Why Minnesota's coronavirus response is different

On Wednesday afternoon, my family gathered in our living room to hear Minnesota Gov. Tim Walz (D) announce the next phase in our state's response to the novel coronavirus. Walz has issued nearly two dozen executive orders pertaining to COVID-19, but this was the big one: a state-wide stay-at-home order running from March 27 through April 10.

I will grant from the outset that Minnesota, as a state, is a little self-obsessed. (Woe betide the coastal journalist who runs afoul of us.) So perhaps there is some of that Minnesota bias in play when I say: The plan Walz outlined is unique — in a good a way. Of course, it inevitably has a lot in common with what other states are doing. Recommendations of social distancing, for example, are universal. But there are ways the Minnesota proposal is different, and in these uncharted waters, they're worth a closer look.

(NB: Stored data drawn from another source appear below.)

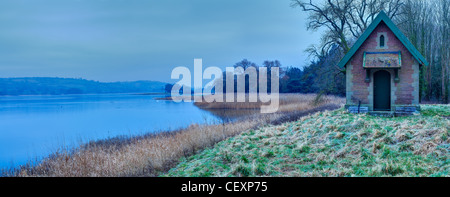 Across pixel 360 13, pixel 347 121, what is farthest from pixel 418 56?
pixel 360 13

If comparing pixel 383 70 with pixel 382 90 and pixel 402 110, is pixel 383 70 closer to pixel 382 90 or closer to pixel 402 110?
pixel 382 90

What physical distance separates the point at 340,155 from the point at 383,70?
297 inches

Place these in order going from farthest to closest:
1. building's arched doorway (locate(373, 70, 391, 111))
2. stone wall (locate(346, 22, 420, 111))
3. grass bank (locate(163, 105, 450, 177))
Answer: building's arched doorway (locate(373, 70, 391, 111))
stone wall (locate(346, 22, 420, 111))
grass bank (locate(163, 105, 450, 177))

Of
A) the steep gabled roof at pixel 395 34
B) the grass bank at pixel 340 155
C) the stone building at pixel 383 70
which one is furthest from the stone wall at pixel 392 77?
the grass bank at pixel 340 155

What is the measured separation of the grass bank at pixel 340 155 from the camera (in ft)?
17.1

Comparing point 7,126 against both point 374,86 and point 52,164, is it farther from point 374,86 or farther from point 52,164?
point 374,86

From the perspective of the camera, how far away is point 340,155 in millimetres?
6402

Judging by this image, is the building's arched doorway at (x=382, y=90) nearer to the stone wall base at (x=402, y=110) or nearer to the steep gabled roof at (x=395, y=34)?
the stone wall base at (x=402, y=110)

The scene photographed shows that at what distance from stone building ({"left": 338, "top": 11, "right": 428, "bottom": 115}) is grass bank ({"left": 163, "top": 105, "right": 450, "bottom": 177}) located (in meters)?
3.72

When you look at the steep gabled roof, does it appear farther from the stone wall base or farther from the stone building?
the stone wall base

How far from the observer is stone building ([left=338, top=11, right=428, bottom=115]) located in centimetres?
1162

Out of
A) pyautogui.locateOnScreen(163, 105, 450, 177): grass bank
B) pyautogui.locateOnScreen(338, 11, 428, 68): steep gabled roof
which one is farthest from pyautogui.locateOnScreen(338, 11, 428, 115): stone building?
pyautogui.locateOnScreen(163, 105, 450, 177): grass bank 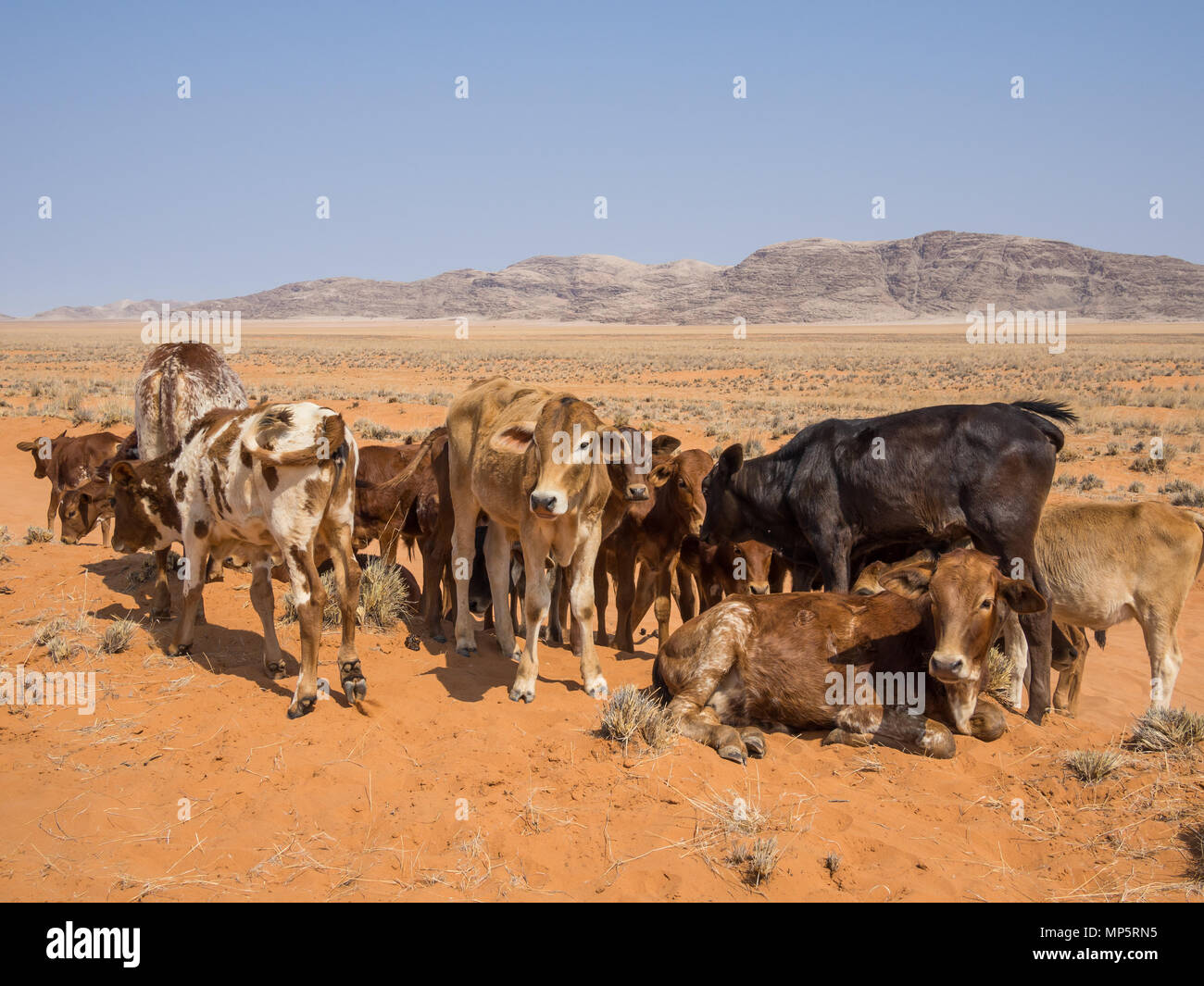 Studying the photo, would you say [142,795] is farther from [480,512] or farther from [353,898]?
[480,512]

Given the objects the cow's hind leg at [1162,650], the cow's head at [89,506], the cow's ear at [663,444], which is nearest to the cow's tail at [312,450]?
the cow's ear at [663,444]

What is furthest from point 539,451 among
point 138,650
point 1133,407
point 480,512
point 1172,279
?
point 1172,279

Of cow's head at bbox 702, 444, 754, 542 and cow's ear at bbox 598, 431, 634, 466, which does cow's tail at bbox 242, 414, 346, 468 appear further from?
cow's head at bbox 702, 444, 754, 542

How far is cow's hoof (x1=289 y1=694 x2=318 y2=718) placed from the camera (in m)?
6.86

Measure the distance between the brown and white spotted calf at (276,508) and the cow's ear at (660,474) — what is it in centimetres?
385

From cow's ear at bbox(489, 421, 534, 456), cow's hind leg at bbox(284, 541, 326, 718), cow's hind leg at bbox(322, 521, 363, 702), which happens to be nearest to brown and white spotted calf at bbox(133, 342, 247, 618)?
cow's hind leg at bbox(322, 521, 363, 702)

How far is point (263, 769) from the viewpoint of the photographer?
6.13 metres

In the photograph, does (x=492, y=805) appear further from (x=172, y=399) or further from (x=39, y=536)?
(x=39, y=536)

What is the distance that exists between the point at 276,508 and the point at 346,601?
3.00 ft

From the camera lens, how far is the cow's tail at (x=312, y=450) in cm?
675

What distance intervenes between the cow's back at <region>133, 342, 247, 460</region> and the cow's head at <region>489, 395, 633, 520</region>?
4.35 m

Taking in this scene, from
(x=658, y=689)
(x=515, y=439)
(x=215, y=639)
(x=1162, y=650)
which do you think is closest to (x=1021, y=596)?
(x=658, y=689)

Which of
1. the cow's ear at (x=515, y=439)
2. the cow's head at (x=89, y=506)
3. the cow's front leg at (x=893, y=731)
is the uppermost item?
the cow's ear at (x=515, y=439)

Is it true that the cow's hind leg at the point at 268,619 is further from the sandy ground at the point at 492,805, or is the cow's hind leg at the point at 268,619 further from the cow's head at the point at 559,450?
the cow's head at the point at 559,450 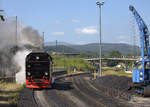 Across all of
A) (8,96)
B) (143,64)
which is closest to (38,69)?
(8,96)

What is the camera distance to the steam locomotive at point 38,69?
22172mm

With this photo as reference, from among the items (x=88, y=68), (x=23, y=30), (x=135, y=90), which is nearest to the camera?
(x=135, y=90)

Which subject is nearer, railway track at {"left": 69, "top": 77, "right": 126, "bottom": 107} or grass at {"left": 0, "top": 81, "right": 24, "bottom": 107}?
grass at {"left": 0, "top": 81, "right": 24, "bottom": 107}

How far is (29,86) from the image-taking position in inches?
876

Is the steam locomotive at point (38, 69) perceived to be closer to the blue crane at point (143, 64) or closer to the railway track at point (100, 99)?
the railway track at point (100, 99)

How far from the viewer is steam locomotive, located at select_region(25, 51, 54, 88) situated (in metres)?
22.2

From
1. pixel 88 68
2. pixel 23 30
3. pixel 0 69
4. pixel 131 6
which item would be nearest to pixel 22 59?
pixel 0 69

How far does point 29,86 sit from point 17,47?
12875 millimetres

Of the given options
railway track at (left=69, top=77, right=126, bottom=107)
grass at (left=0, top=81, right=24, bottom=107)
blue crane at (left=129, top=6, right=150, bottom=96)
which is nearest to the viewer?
grass at (left=0, top=81, right=24, bottom=107)

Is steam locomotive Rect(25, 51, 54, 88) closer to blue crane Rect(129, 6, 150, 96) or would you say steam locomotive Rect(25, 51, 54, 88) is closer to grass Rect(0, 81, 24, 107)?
grass Rect(0, 81, 24, 107)

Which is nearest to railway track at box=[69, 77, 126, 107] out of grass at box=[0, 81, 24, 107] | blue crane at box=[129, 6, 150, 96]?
blue crane at box=[129, 6, 150, 96]

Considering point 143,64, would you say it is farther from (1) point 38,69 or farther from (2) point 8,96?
(2) point 8,96

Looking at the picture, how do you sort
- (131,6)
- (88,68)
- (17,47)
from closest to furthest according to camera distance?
1. (131,6)
2. (17,47)
3. (88,68)

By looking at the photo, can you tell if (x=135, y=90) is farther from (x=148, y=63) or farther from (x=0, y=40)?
(x=0, y=40) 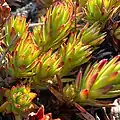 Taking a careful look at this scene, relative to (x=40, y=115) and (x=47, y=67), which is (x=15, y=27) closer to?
(x=47, y=67)

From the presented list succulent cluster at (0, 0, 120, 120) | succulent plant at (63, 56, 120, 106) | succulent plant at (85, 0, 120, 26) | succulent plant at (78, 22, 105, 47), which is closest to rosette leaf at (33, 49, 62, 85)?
succulent cluster at (0, 0, 120, 120)

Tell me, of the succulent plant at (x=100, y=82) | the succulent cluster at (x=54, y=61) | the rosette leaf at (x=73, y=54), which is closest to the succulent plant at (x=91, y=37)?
the succulent cluster at (x=54, y=61)

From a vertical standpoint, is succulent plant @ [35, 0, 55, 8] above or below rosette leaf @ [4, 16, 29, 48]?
above

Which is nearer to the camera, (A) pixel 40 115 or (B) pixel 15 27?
(A) pixel 40 115

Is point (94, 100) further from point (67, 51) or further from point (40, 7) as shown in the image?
point (40, 7)

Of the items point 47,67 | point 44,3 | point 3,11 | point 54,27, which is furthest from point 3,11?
point 44,3

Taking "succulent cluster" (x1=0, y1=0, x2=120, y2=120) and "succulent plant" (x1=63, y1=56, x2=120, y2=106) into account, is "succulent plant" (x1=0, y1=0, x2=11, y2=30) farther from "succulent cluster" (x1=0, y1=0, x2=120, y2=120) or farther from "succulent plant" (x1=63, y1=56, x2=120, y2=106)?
"succulent plant" (x1=63, y1=56, x2=120, y2=106) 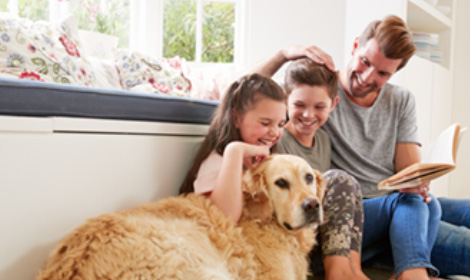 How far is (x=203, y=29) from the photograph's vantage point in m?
4.16

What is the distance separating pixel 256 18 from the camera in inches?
158

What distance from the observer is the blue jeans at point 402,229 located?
4.97 ft

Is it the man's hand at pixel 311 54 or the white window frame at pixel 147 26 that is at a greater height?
the white window frame at pixel 147 26

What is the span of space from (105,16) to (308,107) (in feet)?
8.38

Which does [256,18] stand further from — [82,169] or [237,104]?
[82,169]

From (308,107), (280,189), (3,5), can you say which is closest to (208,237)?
(280,189)

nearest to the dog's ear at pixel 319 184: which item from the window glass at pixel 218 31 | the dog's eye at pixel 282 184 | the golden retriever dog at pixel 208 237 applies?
the golden retriever dog at pixel 208 237

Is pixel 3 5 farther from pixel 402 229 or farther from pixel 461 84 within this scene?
pixel 461 84

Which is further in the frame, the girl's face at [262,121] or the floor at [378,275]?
the floor at [378,275]

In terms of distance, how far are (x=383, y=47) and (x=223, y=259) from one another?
48.1 inches

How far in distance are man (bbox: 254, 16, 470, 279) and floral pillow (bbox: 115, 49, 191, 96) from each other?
3.94ft

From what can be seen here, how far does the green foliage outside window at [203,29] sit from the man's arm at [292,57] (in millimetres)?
2207

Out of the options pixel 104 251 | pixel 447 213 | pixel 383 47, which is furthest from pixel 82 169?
pixel 447 213

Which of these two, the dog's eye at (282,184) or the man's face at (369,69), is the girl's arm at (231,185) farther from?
the man's face at (369,69)
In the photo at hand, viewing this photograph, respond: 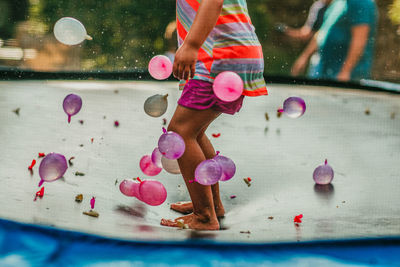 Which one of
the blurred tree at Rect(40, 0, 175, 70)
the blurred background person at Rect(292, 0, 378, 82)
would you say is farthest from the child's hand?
the blurred background person at Rect(292, 0, 378, 82)

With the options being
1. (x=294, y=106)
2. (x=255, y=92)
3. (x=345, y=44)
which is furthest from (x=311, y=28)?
(x=255, y=92)

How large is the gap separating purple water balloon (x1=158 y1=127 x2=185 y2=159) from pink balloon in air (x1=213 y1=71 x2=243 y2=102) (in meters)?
0.13

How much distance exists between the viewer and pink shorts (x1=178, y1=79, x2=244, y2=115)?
42.8 inches

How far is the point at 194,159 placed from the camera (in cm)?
110

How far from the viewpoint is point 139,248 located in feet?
3.01

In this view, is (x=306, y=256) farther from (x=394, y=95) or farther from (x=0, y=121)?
(x=394, y=95)

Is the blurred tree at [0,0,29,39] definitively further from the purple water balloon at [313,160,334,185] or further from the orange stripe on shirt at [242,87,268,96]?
the orange stripe on shirt at [242,87,268,96]

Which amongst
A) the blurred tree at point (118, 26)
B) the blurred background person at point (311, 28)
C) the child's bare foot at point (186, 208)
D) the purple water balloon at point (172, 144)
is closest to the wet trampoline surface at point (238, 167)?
the child's bare foot at point (186, 208)

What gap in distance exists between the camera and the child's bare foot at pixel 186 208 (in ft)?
4.05

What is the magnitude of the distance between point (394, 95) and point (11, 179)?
3.26m

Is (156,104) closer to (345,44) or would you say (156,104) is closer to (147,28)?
(147,28)

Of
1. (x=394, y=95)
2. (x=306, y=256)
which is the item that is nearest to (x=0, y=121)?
(x=306, y=256)

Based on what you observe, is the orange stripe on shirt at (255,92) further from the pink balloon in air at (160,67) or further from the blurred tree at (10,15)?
the blurred tree at (10,15)

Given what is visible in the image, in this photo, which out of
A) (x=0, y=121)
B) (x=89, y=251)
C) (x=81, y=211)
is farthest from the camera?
(x=0, y=121) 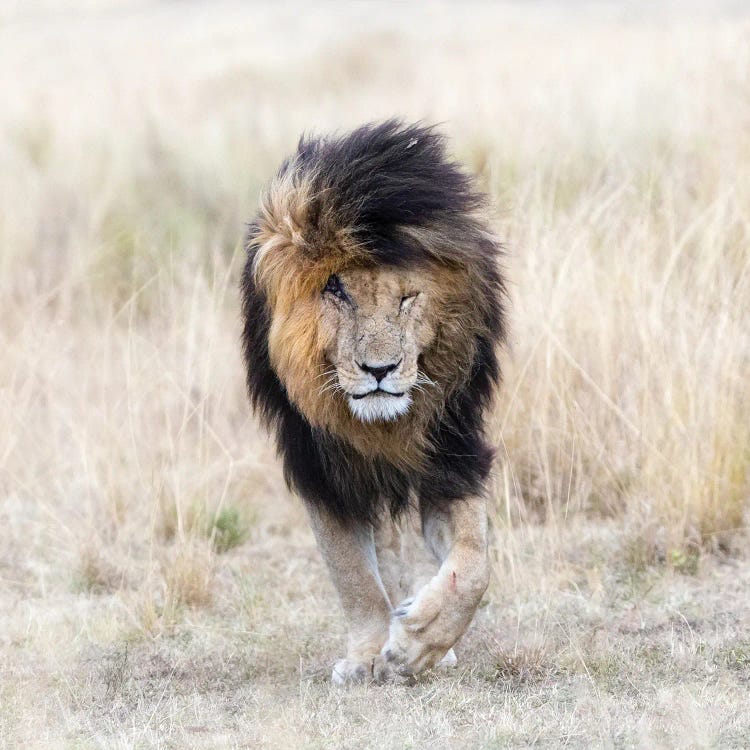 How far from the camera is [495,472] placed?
5.66 m

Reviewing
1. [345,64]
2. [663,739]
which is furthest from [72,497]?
[345,64]

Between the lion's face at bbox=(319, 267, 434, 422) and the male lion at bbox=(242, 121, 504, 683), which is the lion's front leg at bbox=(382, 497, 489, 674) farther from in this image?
the lion's face at bbox=(319, 267, 434, 422)

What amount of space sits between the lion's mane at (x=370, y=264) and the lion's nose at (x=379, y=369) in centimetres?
18

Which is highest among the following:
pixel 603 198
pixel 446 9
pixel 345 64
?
pixel 446 9

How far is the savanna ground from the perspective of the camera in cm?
381

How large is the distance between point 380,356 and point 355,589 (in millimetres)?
881

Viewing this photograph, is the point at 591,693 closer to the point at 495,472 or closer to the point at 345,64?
the point at 495,472

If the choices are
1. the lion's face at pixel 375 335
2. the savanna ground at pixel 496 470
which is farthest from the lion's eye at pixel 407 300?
the savanna ground at pixel 496 470

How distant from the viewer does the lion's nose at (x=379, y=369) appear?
3664 millimetres

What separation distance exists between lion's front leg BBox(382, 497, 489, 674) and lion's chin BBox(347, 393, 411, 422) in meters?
0.48

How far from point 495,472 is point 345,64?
13430mm

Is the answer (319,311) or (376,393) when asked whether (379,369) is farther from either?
(319,311)

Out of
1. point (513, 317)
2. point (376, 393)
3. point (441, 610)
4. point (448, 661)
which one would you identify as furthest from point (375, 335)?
point (513, 317)

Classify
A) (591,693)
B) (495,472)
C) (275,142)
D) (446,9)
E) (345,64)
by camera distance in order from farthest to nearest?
(446,9)
(345,64)
(275,142)
(495,472)
(591,693) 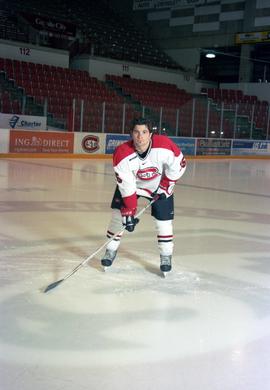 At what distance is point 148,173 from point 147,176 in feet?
0.10

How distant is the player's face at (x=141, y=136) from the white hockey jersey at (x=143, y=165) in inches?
3.1

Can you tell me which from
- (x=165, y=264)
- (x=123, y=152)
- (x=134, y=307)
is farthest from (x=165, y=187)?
(x=134, y=307)

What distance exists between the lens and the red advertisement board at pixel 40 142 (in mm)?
13805

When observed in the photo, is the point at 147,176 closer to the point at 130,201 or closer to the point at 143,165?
the point at 143,165

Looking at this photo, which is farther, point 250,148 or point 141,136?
point 250,148

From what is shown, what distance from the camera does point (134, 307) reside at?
302cm

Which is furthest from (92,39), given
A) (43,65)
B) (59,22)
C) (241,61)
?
(241,61)

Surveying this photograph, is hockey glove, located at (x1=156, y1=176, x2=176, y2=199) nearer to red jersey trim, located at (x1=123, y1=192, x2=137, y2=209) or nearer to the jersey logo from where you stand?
the jersey logo

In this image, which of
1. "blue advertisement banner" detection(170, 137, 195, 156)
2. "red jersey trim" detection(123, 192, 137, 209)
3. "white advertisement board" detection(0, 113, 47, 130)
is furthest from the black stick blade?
"blue advertisement banner" detection(170, 137, 195, 156)

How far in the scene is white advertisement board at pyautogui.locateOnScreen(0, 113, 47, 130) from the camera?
45.5 feet

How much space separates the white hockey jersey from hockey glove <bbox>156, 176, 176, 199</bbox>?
2 cm

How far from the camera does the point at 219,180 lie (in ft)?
35.6

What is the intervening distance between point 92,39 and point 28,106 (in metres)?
9.03

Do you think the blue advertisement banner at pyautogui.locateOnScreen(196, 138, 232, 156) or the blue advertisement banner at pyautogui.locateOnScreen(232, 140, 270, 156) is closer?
the blue advertisement banner at pyautogui.locateOnScreen(196, 138, 232, 156) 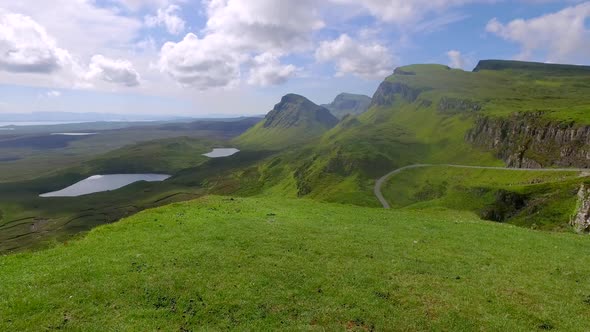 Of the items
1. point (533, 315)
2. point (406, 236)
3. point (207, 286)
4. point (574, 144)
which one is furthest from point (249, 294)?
point (574, 144)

I'm not sure what I expected when we turned on our radio, but a message substantially devoted to explanations of statistical modeling wasn't it. That is, however, what Walz delivered. Minnesota has 235 ICU beds, Walz said, and if we changed nothing about our regular routines, we'd fill every one with coronavirus patients within six weeks. By nine weeks, the models from the Minnesota Department of Health and the University of Minnesota predict, we'd reach an epidemic peak of about 2.4 million infections, 60,000 hospitalizations, and 6,000 people in need of an ICU bed — a need current capacity obviously couldn't meet. The death toll would climb accordingly.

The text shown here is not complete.